It did not rain. It poured. The dollars, that is. For the week ended January 4, 2002, India's the forex reserves were at $48.299 billion.

On December 20, the pile rose by $21.201 billion to reach $69.508 billion. By the time the year-end data are available, it will certainly cross the $70 billion mark.

Last week, the Reserve Bank of India has reportedly mopped up close to $700 million.

Add to this accretion due to the revaluation of yen and Euro, the reserve accretion last week could touch the $1 billion mark. For the week ended December 20 too the accretion was over $1 billion.

In fact, the accretion in the last two months of the year (from November 1 to December 20) was at $4.887 billion -- over 20 per cent of the year's pile.

The forex reserves as on April 5 was at $54.55 billion. This would mean that the accretion in the last nine months of the current fiscal has been $14.953 billion.

For the first time in 10 years since the Indian currency was freed, the rupee ended the calendar year with an appreciation against the dollar.

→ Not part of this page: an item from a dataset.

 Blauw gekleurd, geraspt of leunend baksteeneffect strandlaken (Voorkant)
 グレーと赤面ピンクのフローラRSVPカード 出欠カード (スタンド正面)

On Monday, the rupee touched an intra-day level of 47.9225 and closed at 47.9375/9400 against the dollar. With this, it has appreciated close to 1.08 per cent since the beginning of the calendar year.

On January 1, 202, the rupee closed at 48.27 against the greenback. But for the RBI's intervention, the rupee would have gained much more.

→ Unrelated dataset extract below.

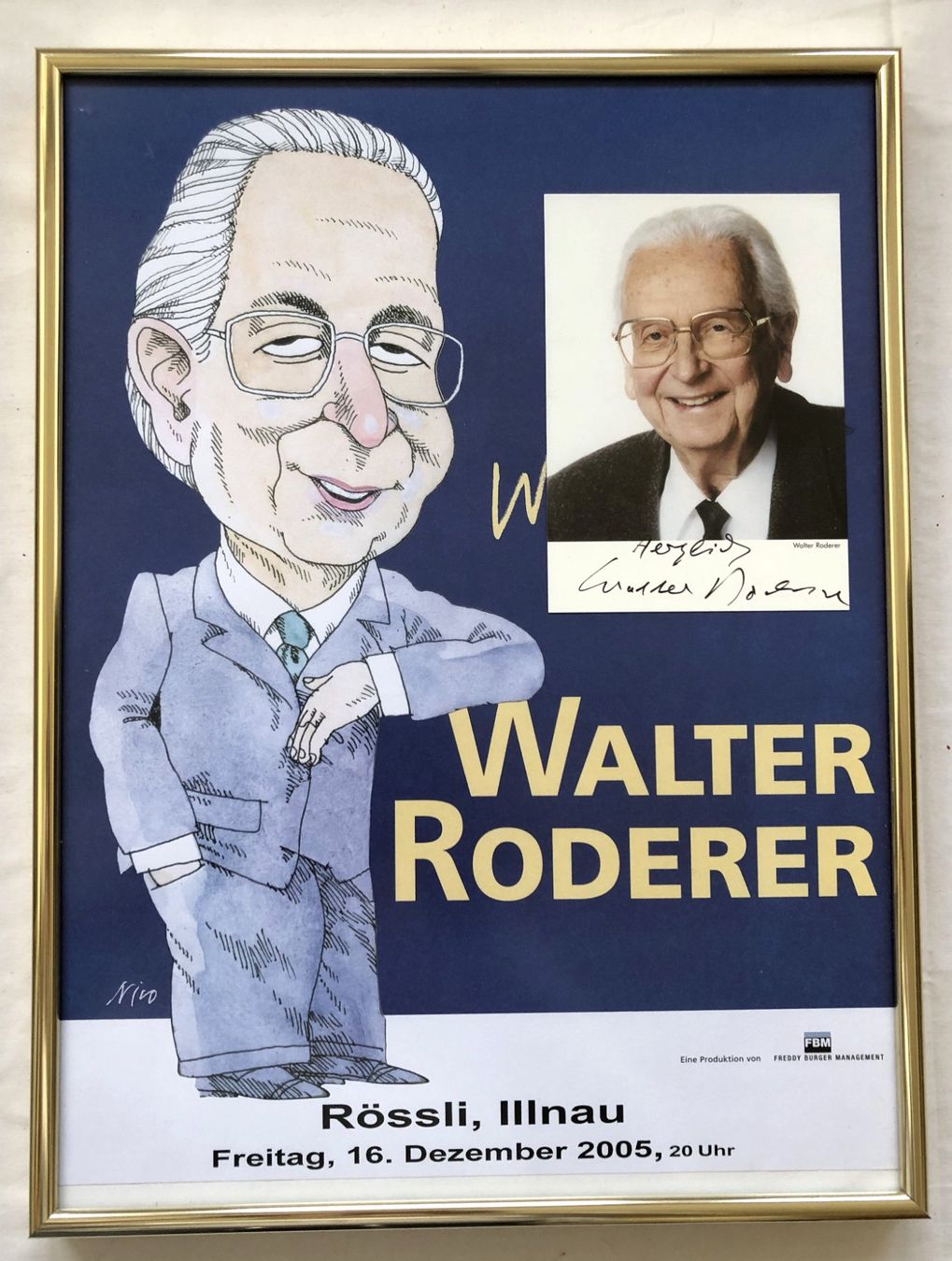 Autografi: Walter Roderer - Orig.Autogramm mit Plakat von Nico – Usato da Schaffhausen venduto da durruti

On a trade-weighted real effective exchange rate basis, the rupee is still undervalued by around 3 per cent.

Since 1993, when the Indian unit was freed (that is, its value was de-linked from the dollar), the rupee has depreciated against the dollar by an average of close to 5 per cent.

Only once, in 1994, did the value of the rupee remain virtually flat. The sharpest depreciation was witnessed in August 1995 when it lost 10.75 per cent, and 9.2 per cent in 1997.

The rupee showed the maximum stability between April 1993 and July 1995 when it moved in the 31.36-37 band. It fell 3.79 per cent last year and 6.47 per cent the year before.